9 August 2006 · Leave a Comment

Yesterday I finally made my daughter Tanglewest’s birthday cake, nearly a week after it should have been delivered. The fact that no one seems to have been unduly upset by the tardiness of the confection makes me think we have a cheerful and flexible household, but I may simply be crashingly insensitive.

I broke the electric chopper while making the cake. Not surprising: it was the wrong tool, far too small a device. I put hard Belgian cooking chocolate in and, fully aware of the possible devastation, pushed the button. (It’s hard to concentrate on anything here in Yeti Nivas right now as the flies are frantically copulating everywhere, including my trackpad. Is it fun if you’re that small and shortlived? Is it better with wings?) The chopper, already a battered device with worrying cracks in the shaft, splintered and ground to a noisy halt.

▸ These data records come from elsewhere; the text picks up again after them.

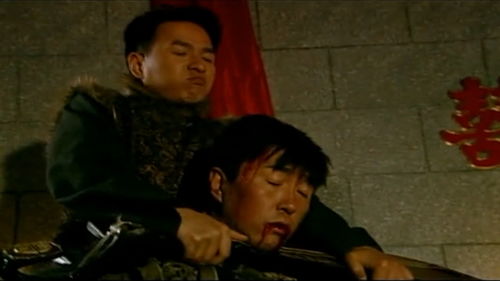 哥哥為救妹妹和管家拼命,管家當(dāng)著妹妹的面殺死哥哥,真殘忍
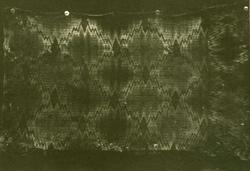 Brodert trekk til bønneskammel, Tingvoll kirke, Tingvoll, Mø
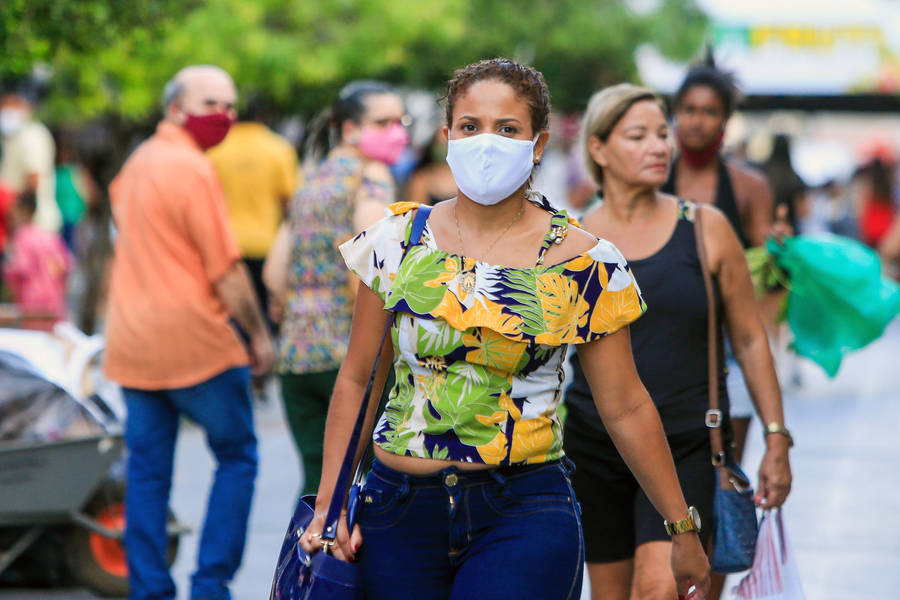 Maceió, 10 de setembro de 2020
Uso obrigatório  pessoas andando nas ruas de máscara no centro de Maceió. Alagoas - Brasil.
Foto: ©Ailton Cruz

Now bear in mind that my obsession with clearing out an old gatepost hole drove me to ruin an old, but still serviceable, power drill last month. That’s two non-recyclables ruined. Not good.

Fortunately they still had bargain food processors in the vast-bin-of-stuff section at the local Lidl. They looked a bit tatty—boxes taped up and crumpled corners—but they were bound to be cheap and if they didn’t work, well, I could struggle to get one that did.

After a wonderful morning walking along the Don with three children and a strumpet-dog (it’s not just the flies; the dog is in heat) I plunged into Lidl and retrieved one of the last two machines. They were cheap, too, only £25. We met Bhavana on the way back and it was a happy expedition that walked back through the door of Yeti Nivas.

After a suitable pause I set about assembling the new machine, which of course didn’t work. I put the bits together in a sensible fashion, but it simply didn’t come on. I tried a different socket, checked the plug, all the usual procedures – nothing. Cheap goods, what do you expect, right? Shifting into justified consumer warrior mode, I emailed a firm message to the support centre and got the details and authorization I needed to contact another repair/replace clearing centre; and then I sent them their own firm printed letter with a crisp image of the receipt. Job done. I sorted out the children, now squabbling, posted the letter, fiddled around on the computer for another few minutes, then went into the kitchen for a coffee. While it was brewing I loitered in the kitchen with a purposeless mind and looked at the broken machine again. I looked at the manual again. I did what the manual said I should do, but this time it all worked perfectly.

How much anger and frustration? How many people’s time wasted? Who can wait for muddy water to clear? It was my expectations that were broken, not the machine.